Second Order Reality
18.01-16.02.2014
Carola Bonfili
Curated by Daniela Cotimbo and Ilaria Gianni
Promoted by Fondazione smART – polo per l’arte
Aksioma, Ljubljana
Supported by the Italian Council (2022), Directorate-General for Contemporary Creativity, Italian Ministry of Culture

In Second Order Reality, Carola Bonfili explores those perceptual states that are inherent in the “magical thinking” of children and characterise, for example, the experience of navigating virtual worlds.

The ability to enter and exit different kinds of subjectivity and the interest in liminal spaces, time gaps and thresholds are familiar to us during childhood, but later on, we somehow tend to relegate them to the margins of experience. In adulthood, these states persist in the form of small perceptual shifts, inattentions and meditative or dysfunctional moments, in which we find ourselves immersed in a space that we recognise, even though we have never experienced it.

“We live inside our body all day, but we only realise it when something doesn’t feel right,” says Bonfili, and we feel a similar sensation when we are immersed in the worlds of virtual reality, where we still use our senses, but the bodies we inhabit are not ours. This otherness is also embodied in augmented spaces – those desolate places which evoke impersonal memories and follow the gaming logic that requires us to take pre-programmed and satisfaction-oriented actions, but also reveals other possibilities. When we leave this path, we experience the threshold.

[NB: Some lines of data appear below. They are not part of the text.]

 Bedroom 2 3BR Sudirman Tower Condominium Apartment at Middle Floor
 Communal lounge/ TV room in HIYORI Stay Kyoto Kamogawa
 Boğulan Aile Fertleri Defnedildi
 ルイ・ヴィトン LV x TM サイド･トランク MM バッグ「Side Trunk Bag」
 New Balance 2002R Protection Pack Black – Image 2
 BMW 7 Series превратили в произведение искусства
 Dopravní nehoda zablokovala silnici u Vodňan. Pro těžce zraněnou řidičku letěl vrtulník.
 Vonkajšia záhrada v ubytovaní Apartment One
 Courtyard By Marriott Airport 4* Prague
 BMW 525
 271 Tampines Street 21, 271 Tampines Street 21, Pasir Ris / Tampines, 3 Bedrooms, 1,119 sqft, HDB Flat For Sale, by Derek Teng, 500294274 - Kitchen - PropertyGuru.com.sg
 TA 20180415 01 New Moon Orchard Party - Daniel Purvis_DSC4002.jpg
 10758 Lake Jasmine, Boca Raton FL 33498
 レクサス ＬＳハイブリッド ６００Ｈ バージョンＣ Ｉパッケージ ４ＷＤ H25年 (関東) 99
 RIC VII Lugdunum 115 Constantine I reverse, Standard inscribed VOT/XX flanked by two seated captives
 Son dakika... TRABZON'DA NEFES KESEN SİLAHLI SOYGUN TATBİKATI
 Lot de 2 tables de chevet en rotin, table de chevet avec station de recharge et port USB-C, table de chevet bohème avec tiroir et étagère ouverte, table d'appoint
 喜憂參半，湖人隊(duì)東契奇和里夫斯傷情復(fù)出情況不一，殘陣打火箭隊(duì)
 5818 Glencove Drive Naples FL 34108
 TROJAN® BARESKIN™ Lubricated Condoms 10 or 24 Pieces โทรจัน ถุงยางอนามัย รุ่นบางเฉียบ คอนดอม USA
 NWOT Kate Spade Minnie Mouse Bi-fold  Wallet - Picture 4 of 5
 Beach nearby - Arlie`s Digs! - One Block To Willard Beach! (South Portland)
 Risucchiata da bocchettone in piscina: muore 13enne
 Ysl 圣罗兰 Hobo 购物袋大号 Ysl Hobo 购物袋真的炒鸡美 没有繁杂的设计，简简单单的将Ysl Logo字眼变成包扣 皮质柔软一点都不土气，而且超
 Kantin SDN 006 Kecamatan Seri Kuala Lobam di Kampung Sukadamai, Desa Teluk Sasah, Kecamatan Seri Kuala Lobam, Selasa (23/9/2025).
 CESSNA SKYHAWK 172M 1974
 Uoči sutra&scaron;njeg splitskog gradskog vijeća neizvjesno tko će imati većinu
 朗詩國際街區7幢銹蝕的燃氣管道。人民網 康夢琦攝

Bonfili finds this shift in perception in texts such as Gustave Flaubert’s The Temptation of St. Anthony or H. G. Wells’s The Island of Dr Moreau. In this respect, Flaubert’s text is particularly noteworthy for the description of the repeated hallucinations experienced by the protagonist when he’s inside a hut. Anthony Abbot’s images are incandescent visions driven by desire, but acquire a solid consistency, similar to the effect of a mirage. These transitions from scenarios close to reality, after which the gaze broadens onto a boundless landscape, are what make Flaubert’s work so similar to the logic of video games.

Starting from these impressions, Carola Bonfili develops a narrative that she then deconstructs and varies through different media – a CGI video conceived as a trailer, an immersive VR environment and a series of sculptures – with the aim of bringing a video game to life.

The story’s protagonist is M’ling, a little monkey who suddenly sees that certain parts of her body are turning into stone and embarks on an initiatory journey in search of healing. On this journey, the little monkey encounters a series of mysterious objects to which she dedicates her sensorial attention: she talks to water, meets a robot and is guided by a mysterious melody. By letting go in the flow of surreal events, she finds the path towards her well-being.

In the video The Stone Monkey and VR installation Level 1, Illusions That We Should Have, but Don’t, the narrative develops through a succession of mysterious events that constantly displace the point of adherence to reality. Here, even the sounds play an important role by creating actual “sound objects” and amplifying the unsettling quality of the whole experience.

The deliberately fragmented nature of the project is underlined by sculptures that draw on some of the themes and imagery of the story, translating them into physical elements. If M’ling and Tanky Pear are concrete reproductions of the main characters and recall action figures produced in the field of gaming, The Stone Monkey PBR consists of a series of spherical sculptures that have been created based on PBRs or physical renders, digital objects used in 3D modelling to display texture samples. Finally, The Multicrane adapts the technique used in Walt Disney’s early animations. A tribute to craftsmanship that persists as a method in its approach to the digital.

Every aspect of the story is the result of a careful construction that combines different languages and eras: from 19th-century literature to Brutalist architecture, from contemporary comics to generative artificial intelligence. In this project, the author shows how a single story is potentially infinite and how its specificities depend on the chosen means of expression in a constant and always fragmentary cross-reference that leaves ample room for imagination.